TurboCharge your AI Training for GenAI



GenAI + Stability Diffusion
Tips and Tricks for the Training we've implemented.
In terms of MLOPS we've used MosaicML which comes with the module Composer
that allows training to be 48x faster with Pytorch vs traditional Pytorch
combining some of the most reonowned methods which is embedded into the composer library:
1. No mixed Opinions on Mixed Precision Training.
Training on FP16 with F32 weights saved yields 1.7x ca. than FP32 directly end to end.
This is one of the reasons I used MosaicML with the Composer functionality.
Courtesy: Nvidia AMP: Automatic Mixed Precision Library.
Model quality unaffected by mixed precision Training. (Training acceleration by 2-4.5x)
Memory footprint reduced by 2 times.
Speed of training is due to the fact: speed of multiplying 2 numbers approx. square number of bits.

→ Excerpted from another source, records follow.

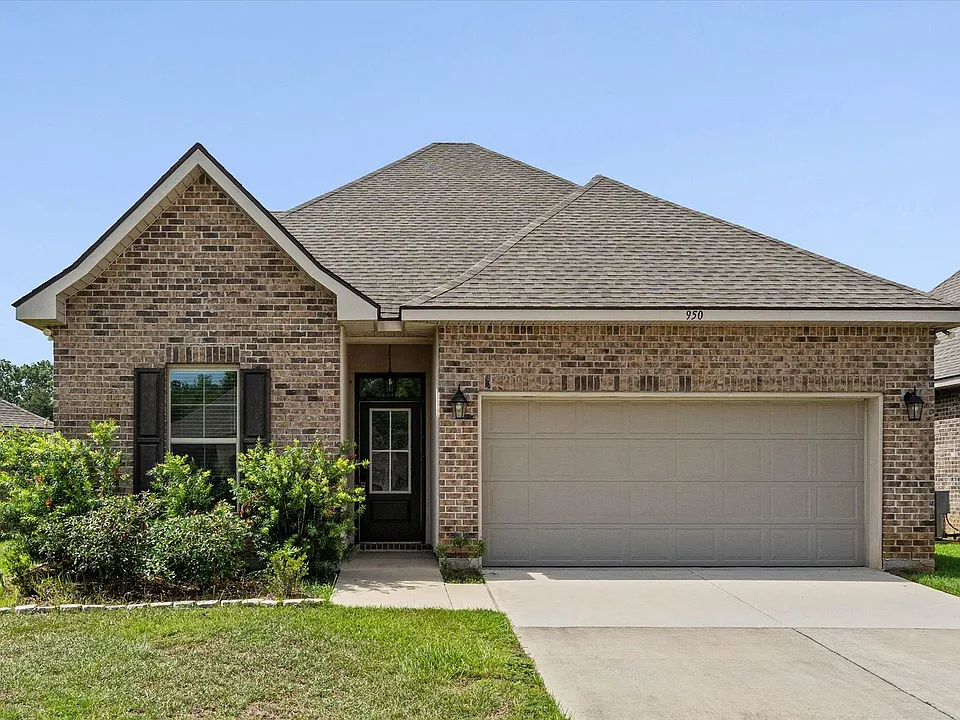 950 Gibson Ct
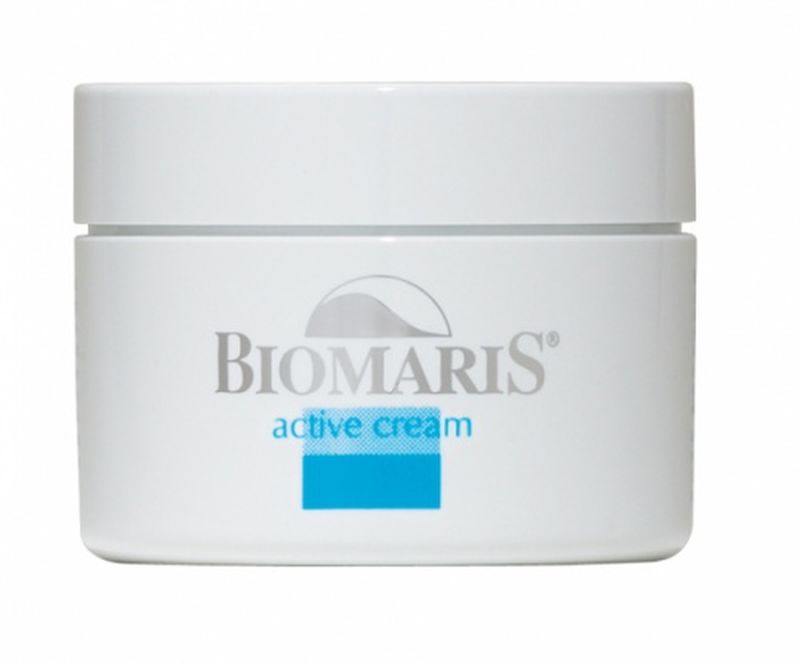 BIOMARIS Active Cream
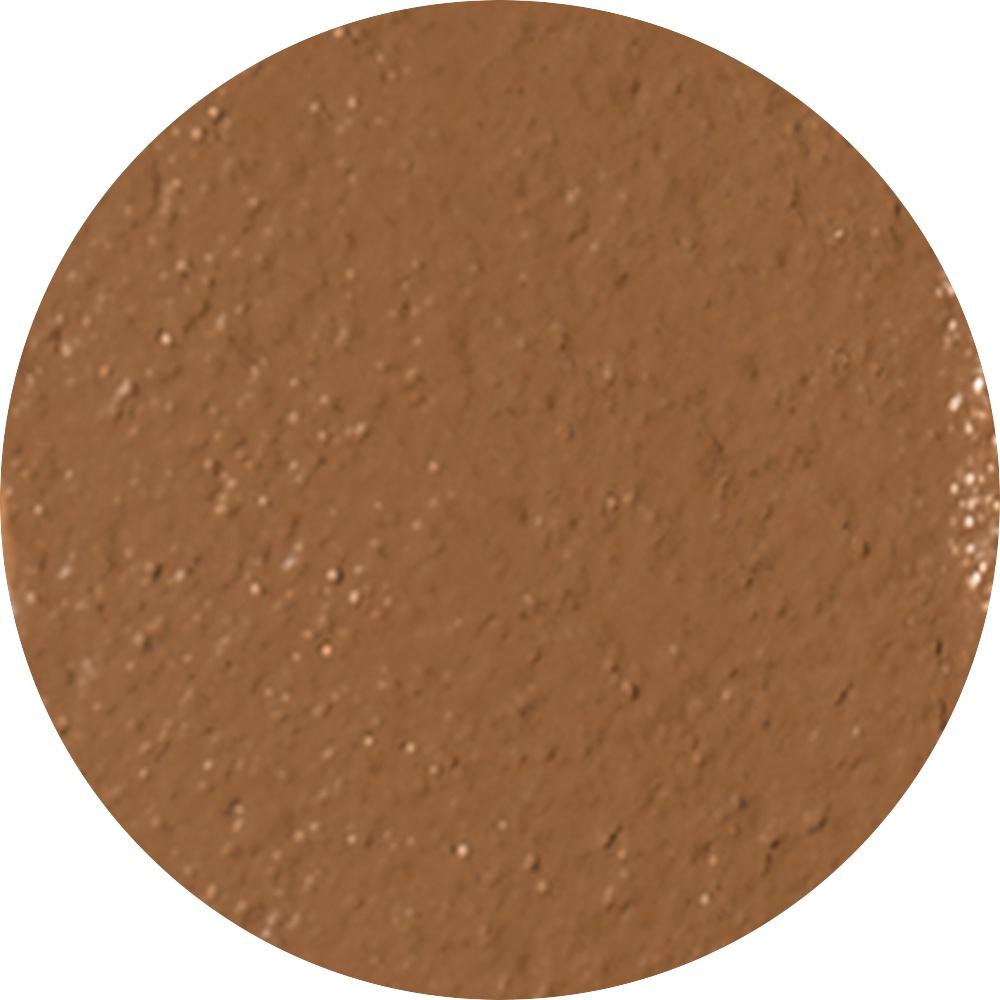 Nut All Men 0.056 oz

2. The old Friend: Channel Last vs Channel First
For CNN Training (CNN networks are 4Dim Tensors) and the algorithm on Nvidia GPU level
is implementd to perform on channel last. so every time: you have channel first there is an extra transpose operation that is to be performed. Nvidia reports 1.15 to 1.6x TFlops
improvements.
3. Go Easy on the Image Augmentations.
This is something in the first wave of AI I would always do it with Albumentations which is a good library but its on CPU. I would either pre-augment and send all of the images or folder of images to GPU. This is a problem because you will have bottleneck depending on how you set the pipeline: i.e. if at every epoch or you perform the augmentation with a defined set of transformations as a list, then perform a random python operation on that you will have cpu to gpu bottleneck as well as slow augmentation matrix
To mitigate this train in larger batches (less GPU-CPU communication and transfer.)
Perform Augmentations directly on GPU using Nvidia DALI or Kornia. (https://kornia.github.io/)
4. Image Processing using Pillow-SIMD
* usually Pytorch or Keras comes with Pillow under the hood. However this can be improved with Pillow-SIMD and its way faster.
5. Stepwise Learning Rate.
Stepwise LR adapation per steps within 1 epoch rather than learning rate adaption after 1 epoch. is generally more benefial. The bigger the dataset and the batch training the more effective this strategy becomes.
All those are combined in MosaicML composer functionality and offers 7x speedup vs using other training methods.